__Provided data__:
·····

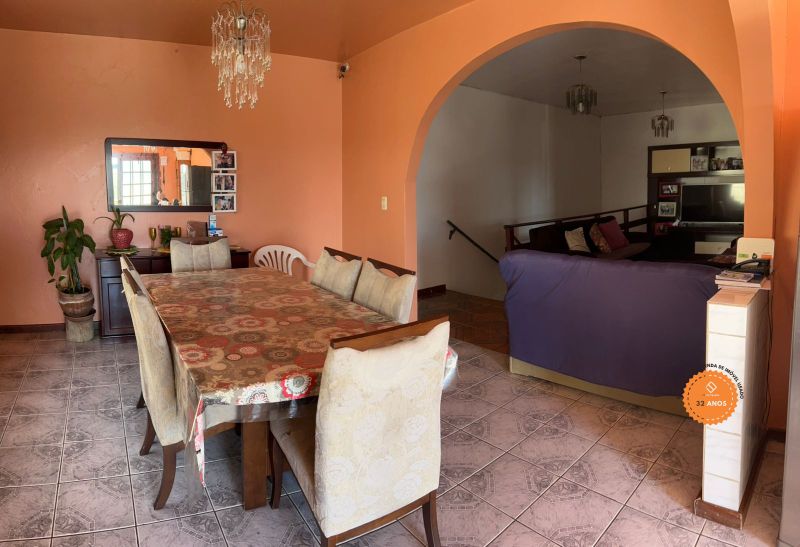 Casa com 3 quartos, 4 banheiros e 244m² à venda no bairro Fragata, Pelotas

·····

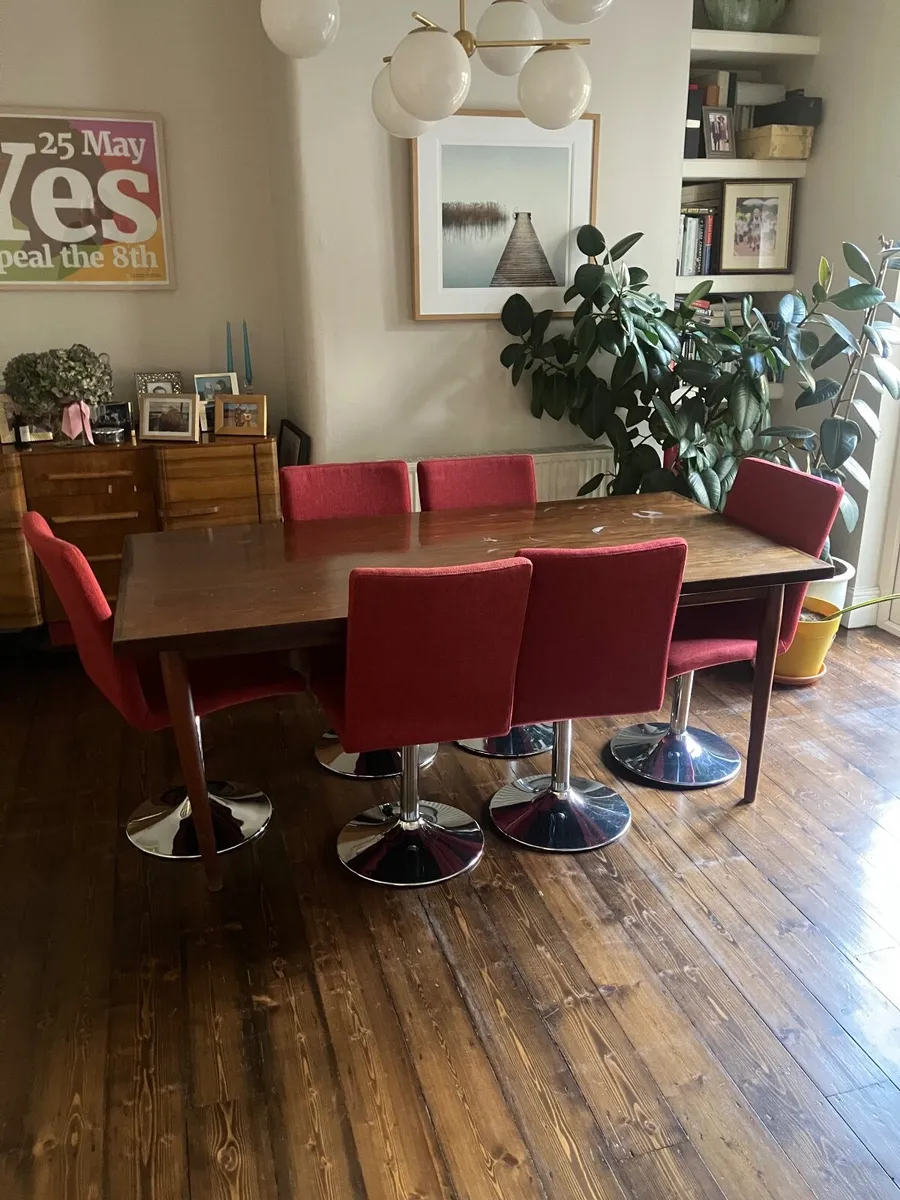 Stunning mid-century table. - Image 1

·····

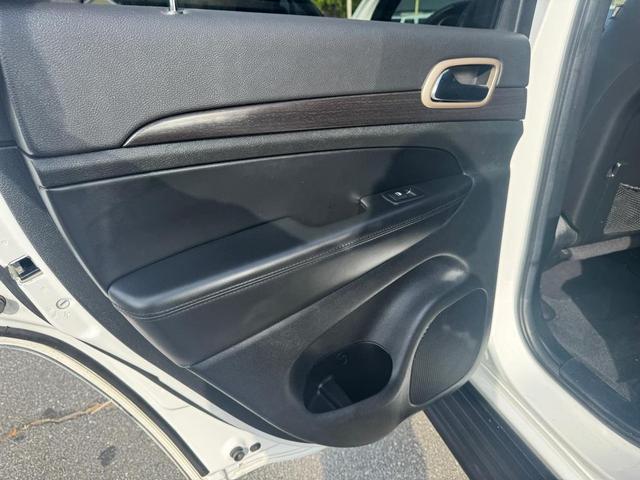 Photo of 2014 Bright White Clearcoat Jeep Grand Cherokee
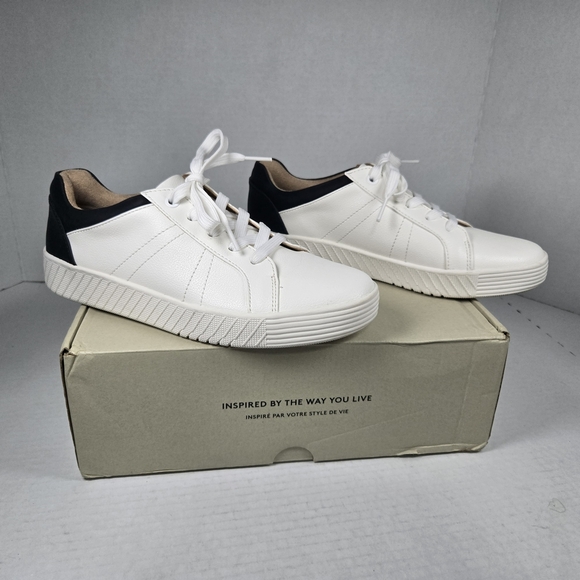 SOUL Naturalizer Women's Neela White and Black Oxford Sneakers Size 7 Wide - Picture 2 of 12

·····

__Exercise description__: The lines to reproduce run from the one above containing "Photo of 2014" through the one containing "SOUL Naturalizer Women's". Copy them exactly and leave out all pictures.

__Written reply__:
 Photo of 2014 Bright White Clearcoat Jeep Grand Cherokee
 SOUL Naturalizer Women's Neela White and Black Oxford Sneakers Size 7 Wide - Picture 2 of 12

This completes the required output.